Short web captions:
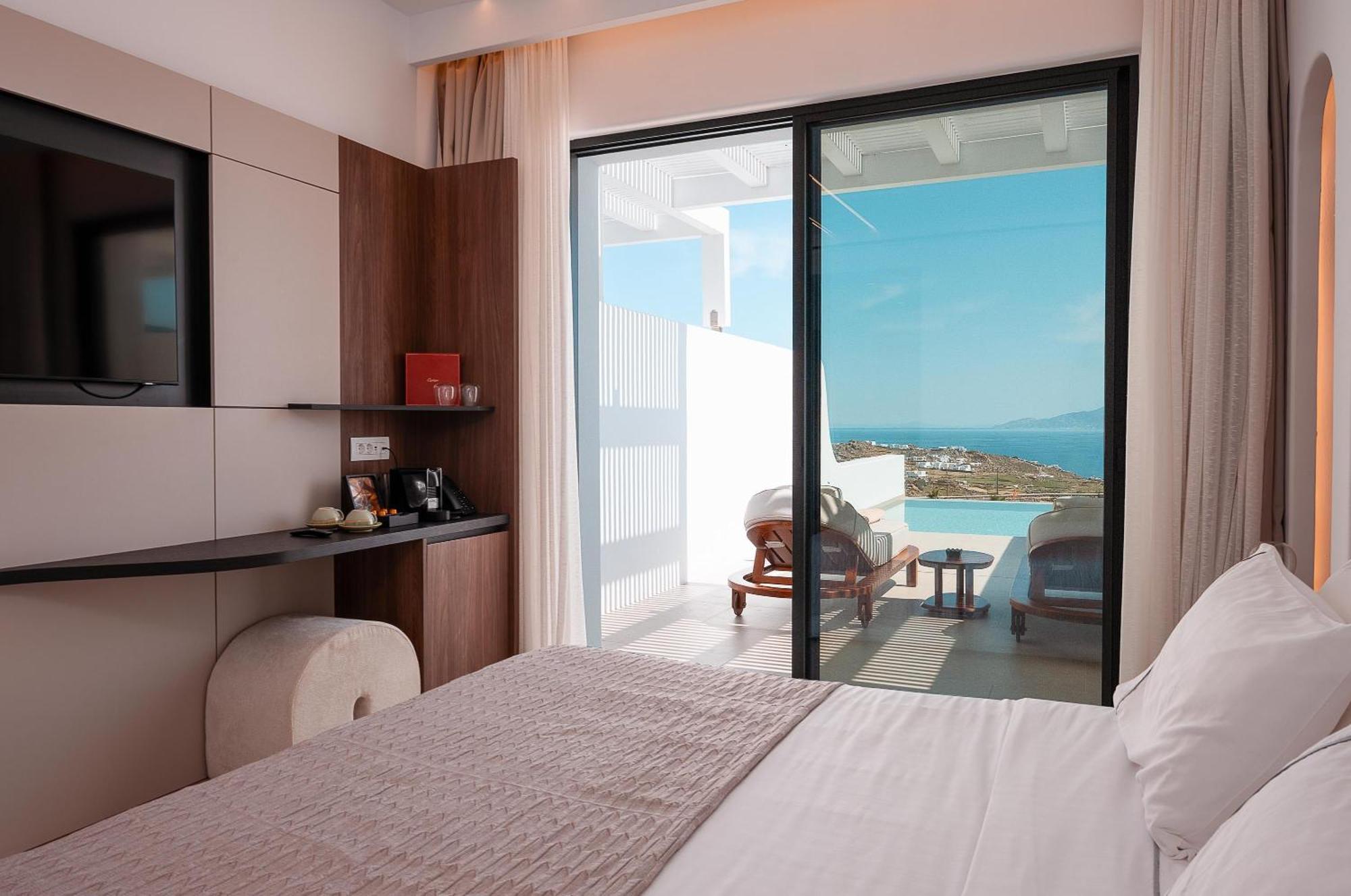 Muse Of Mykonos Luxury Suites Mykonos Town Eksteriør billede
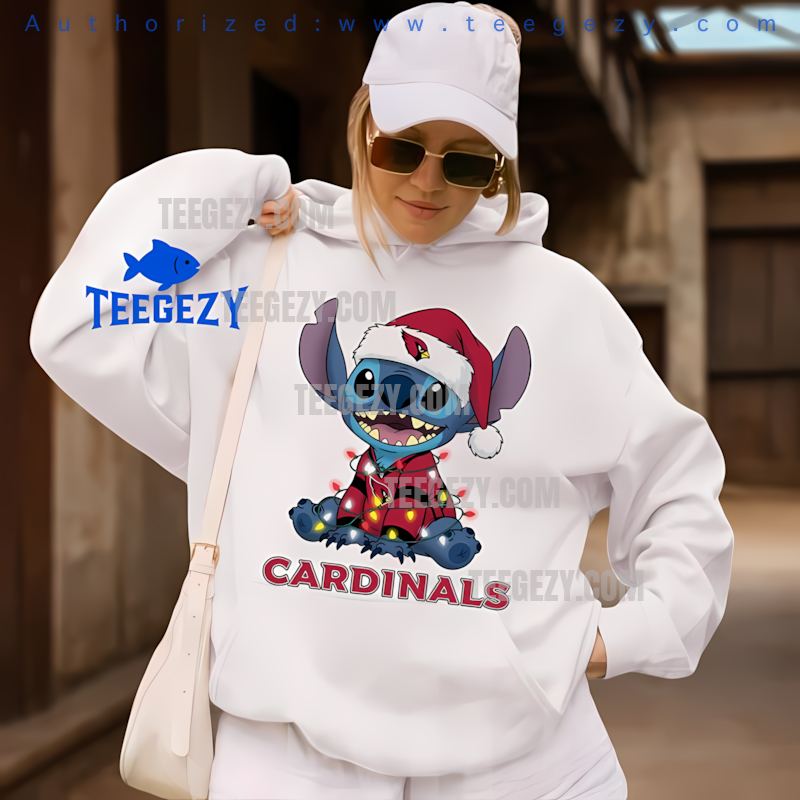 Arizona Cardinals Christmas Stitch Holiday Lights Hoodie Arizona Cardinals Christmas Stitch Holiday Lights Hoodie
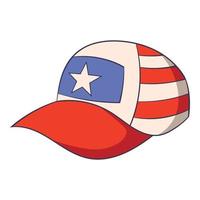 Cap icon, cartoon style vector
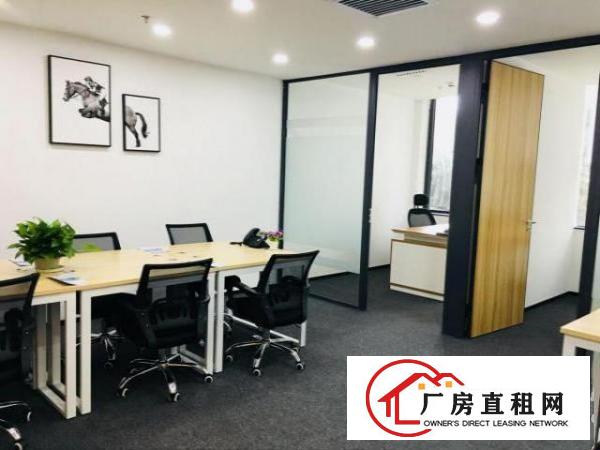  家私全包（业主直租）龙岗10一300平办公室可注册公司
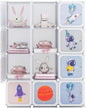 8/12 Cube Portable Kids Wardrobe with Hanging Section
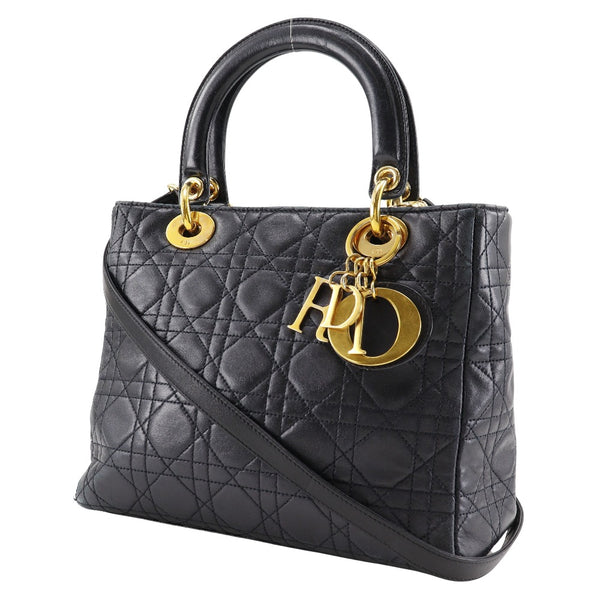 [Dior] Christian Dior Ladies Dior Handbag Kanage 2 Palabina de hombro Cambsas Negro Handal a la mano 2 VAYO A5 ADPLIEZA DIOR DIOR Ladies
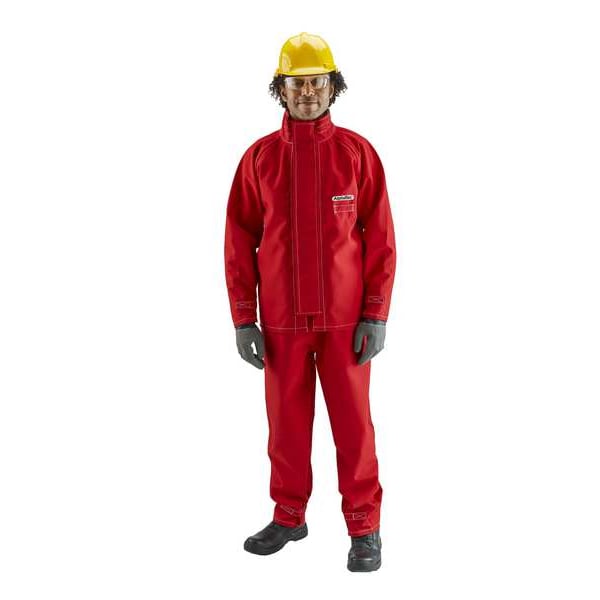 Jacket,Chemical Resistant,Red,L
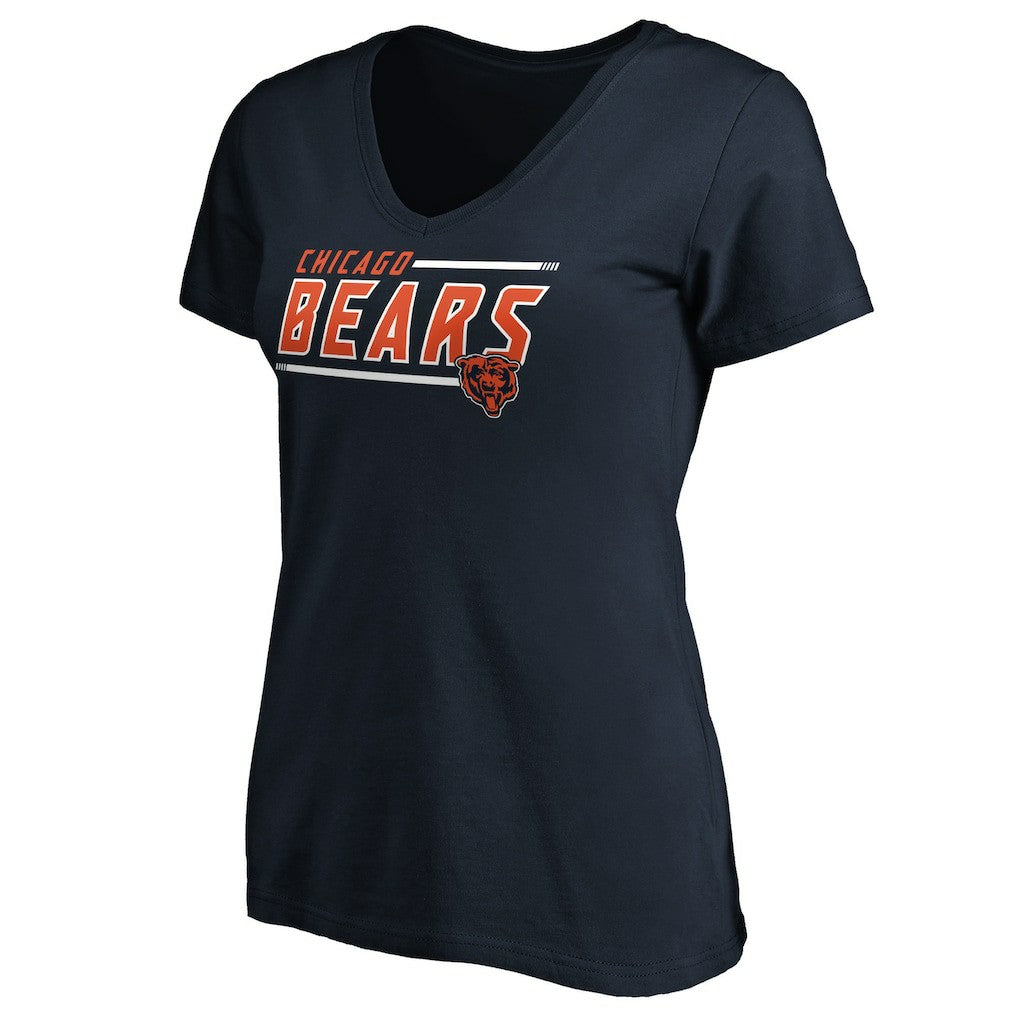 Chicago Bears Women's Mascot In Bounds V-Neck T-Shirt - Navy on sale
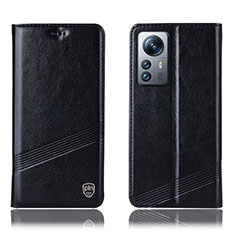 Coque Portefeuille Livre Cuir Etui Clapet H05P pour Xiaomi Mi 12S Pro 5G Noir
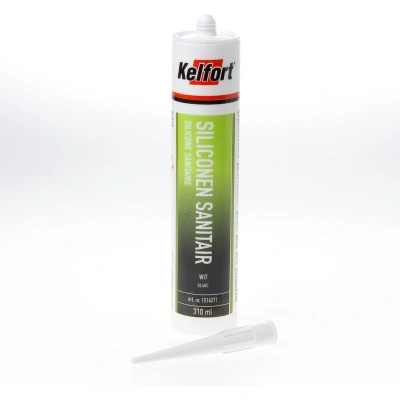 Afbeelding van Siliconenkit Kelfort sanitair 310ml wit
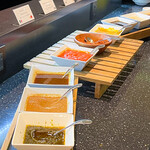 BistroW - 黒胡椒、イタリアンソース（完熟トマトとニンニク）、ザクザク！クリスピーシーズニング（フライドオニオンや４種のスパイスを調合したオリジナル調味料）が気に入りました♪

### EXERCISE AIM
Find the line holding "Arizona Cardinals Christmas Stitch Holiday Lights Hoodie Arizona" in the data above. Retype it and every later line exactly, through the end, but not the pictures.

### THE ANSWER
 Arizona Cardinals Christmas Stitch Holiday Lights Hoodie Arizona Cardinals Christmas Stitch Holiday Lights Hoodie
 Cap icon, cartoon style vector
  家私全包（业主直租）龙岗10一300平办公室可注册公司
 8/12 Cube Portable Kids Wardrobe with Hanging Section
 [Dior] Christian Dior Ladies Dior Handbag Kanage 2 Palabina de hombro Cambsas Negro Handal a la mano 2 VAYO A5 ADPLIEZA DIOR DIOR Ladies
 Jacket,Chemical Resistant,Red,L
 Chicago Bears Women's Mascot In Bounds V-Neck T-Shirt - Navy on sale
 Coque Portefeuille Livre Cuir Etui Clapet H05P pour Xiaomi Mi 12S Pro 5G Noir
 Afbeelding van Siliconenkit Kelfort sanitair 310ml wit
 BistroW - 黒胡椒、イタリアンソース（完熟トマトとニンニク）、ザクザク！クリスピーシーズニング（フライドオニオンや４種のスパイスを調合したオリジナル調味料）が気に入りました♪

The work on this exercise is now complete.